Segment Start: Given information

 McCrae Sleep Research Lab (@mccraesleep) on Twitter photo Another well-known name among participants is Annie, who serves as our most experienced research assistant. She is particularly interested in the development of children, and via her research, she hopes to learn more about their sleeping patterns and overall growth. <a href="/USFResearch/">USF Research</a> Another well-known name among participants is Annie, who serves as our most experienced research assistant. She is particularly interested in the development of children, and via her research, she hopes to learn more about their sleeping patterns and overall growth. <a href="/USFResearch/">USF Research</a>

Segment End: Given information
Segment Start: Given information

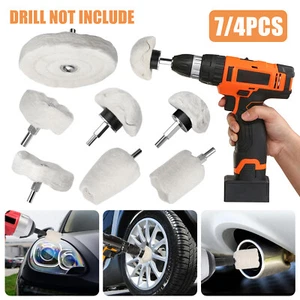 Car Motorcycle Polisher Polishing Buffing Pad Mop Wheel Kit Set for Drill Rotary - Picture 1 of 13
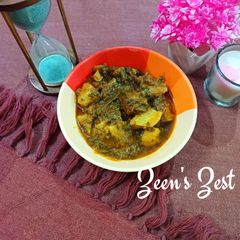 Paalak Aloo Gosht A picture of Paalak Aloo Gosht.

Segment End: Given information
Segment Start: Given information

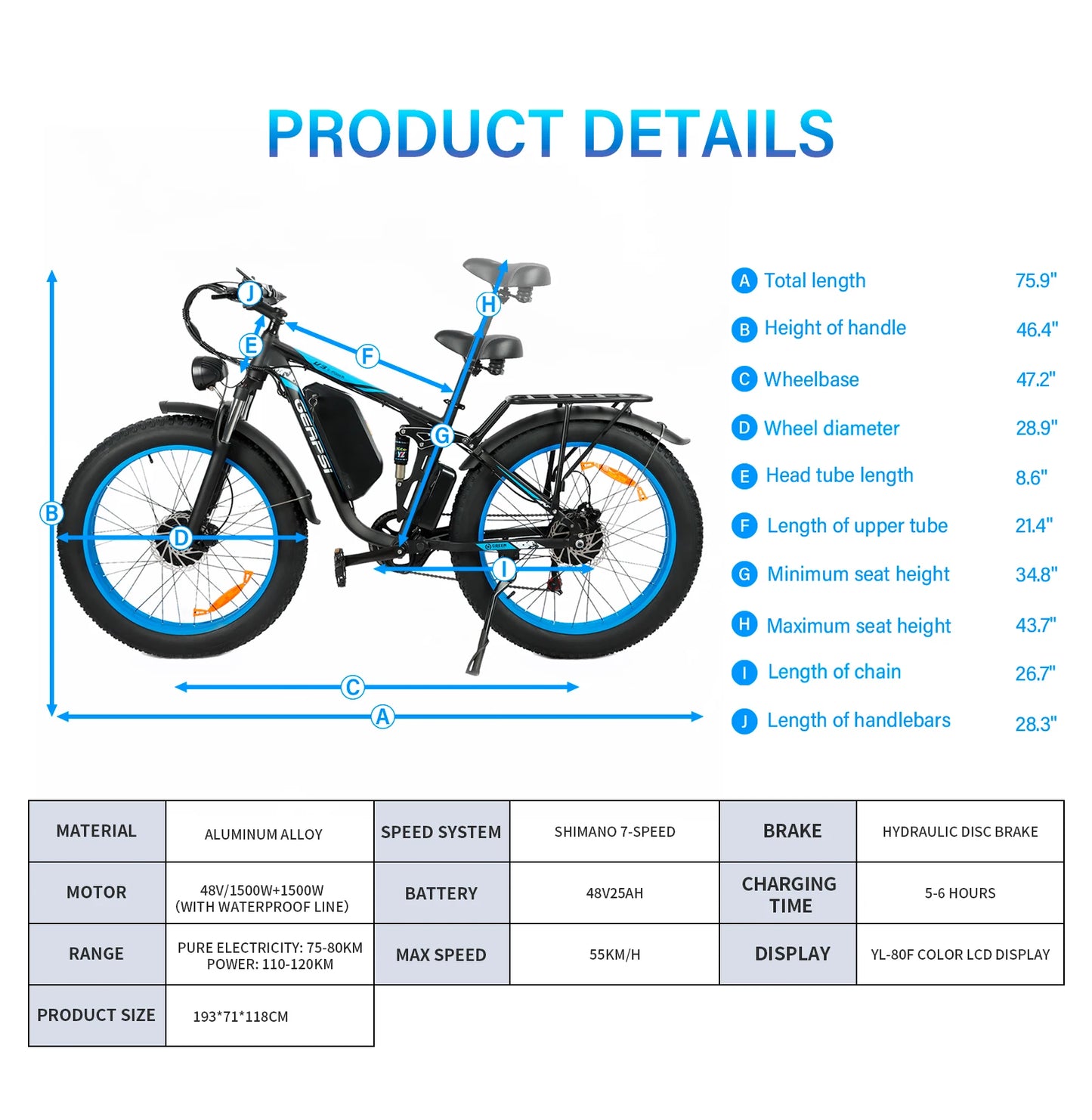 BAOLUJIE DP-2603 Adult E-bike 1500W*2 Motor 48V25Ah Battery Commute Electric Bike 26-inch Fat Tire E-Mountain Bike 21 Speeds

Segment End: Given information

[Your assignment] An exact transcription is needed of the lines from the one with "Car Motorcycle Polisher" to the one with "Paalak Aloo Gosht A" above, both ends included, with pictures left out.

[Output below]
 Car Motorcycle Polisher Polishing Buffing Pad Mop Wheel Kit Set for Drill Rotary - Picture 1 of 13
 Paalak Aloo Gosht A picture of Paalak Aloo Gosht.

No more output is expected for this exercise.